If your path is close to your home, or if it runs parallel to the driveway, light from the house's facade and driveway lighting may not require street lights. Reflectively setting up path lighting just because it looks like any path should be lit is a waste of resources and can actually affect your overall lighting design.
Provide Depth to Your Landscape
If your home's exterior is brightly lit, or even if it's lightly illuminated with strategic spotlights and warm wash lights, ignoring the space in front of your home can lead to a jarring, flat look. Chances are, there's some sort of path connecting the street (or at least the driveway) to your home. This path is an opportunity to detach lighting from your home's façade and bring it into three dimensions, giving your lighting scheme more eye-catching depth.
Placing streetlights at appropriate distances along the walkway leading to your home creates individual points of light that meander upward toward your home, drawing the eye to the front of your home, all the way up to the brightly lit facade.
But keep in mind that roadway lighting is not the only way to illuminate a road or sidewalk, nor is it the only way to achieve the depth of field with an outdoor lighting scheme.

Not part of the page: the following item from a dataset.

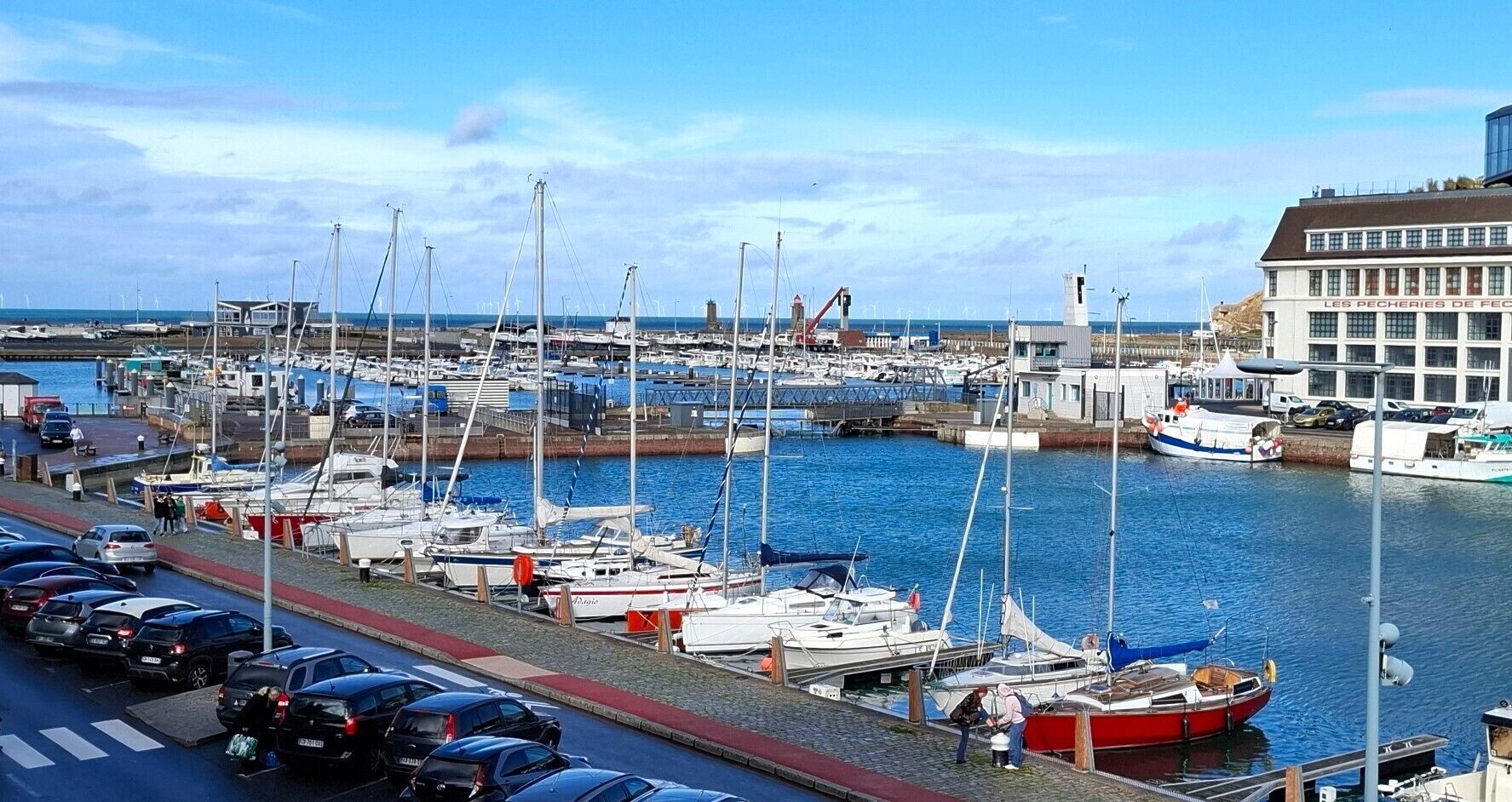 A marina with boats docked, a building labeled 'LES PECHERIES DE FEC,' and a road with cars.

If you have a decorative feature in front of your home, such as a statue or fountain, lighting for that feature will likely illuminate most, if not all, of your pathways. In that case, placing street lights is a waste of resources and has no visual significance. Additional feature lights will bring a lighting scheme out of the home, providing depth that can make all the difference between the mediocre and the spectacular.
Trees can serve the same purpose. If you have trees along your path, lighting those trees can create a focal point for the eye, separate from your home's facade, and provide the depth you need without the need for additional path lighting. Some pretty "moonlight" streaming from high up in the trees can create a natural and inviting light that illuminates the path to your home without adding any fixtures. If you also add in uplighting (to illuminate the trees), the extra light is enough to keep you safe on your way home.
The above briefly introduces the lighting skills of path lights. If you want to buy path lights or other outdoor lights, please
contact us.
TFB Lighting is a professional
custom outdoor landscape light manufacturer. The company mainly produces various path lights, flood lights, garden lights, floor lamps, lawn lights, wall lights, underwater lights, wall lights, spotlights, street lights, solar energy and landscape lighting, and other products. With many varieties and high quality, it is widely used in decorative lighting in various roads, squares, parks, villas, pedestrian streets, garden communities and other places.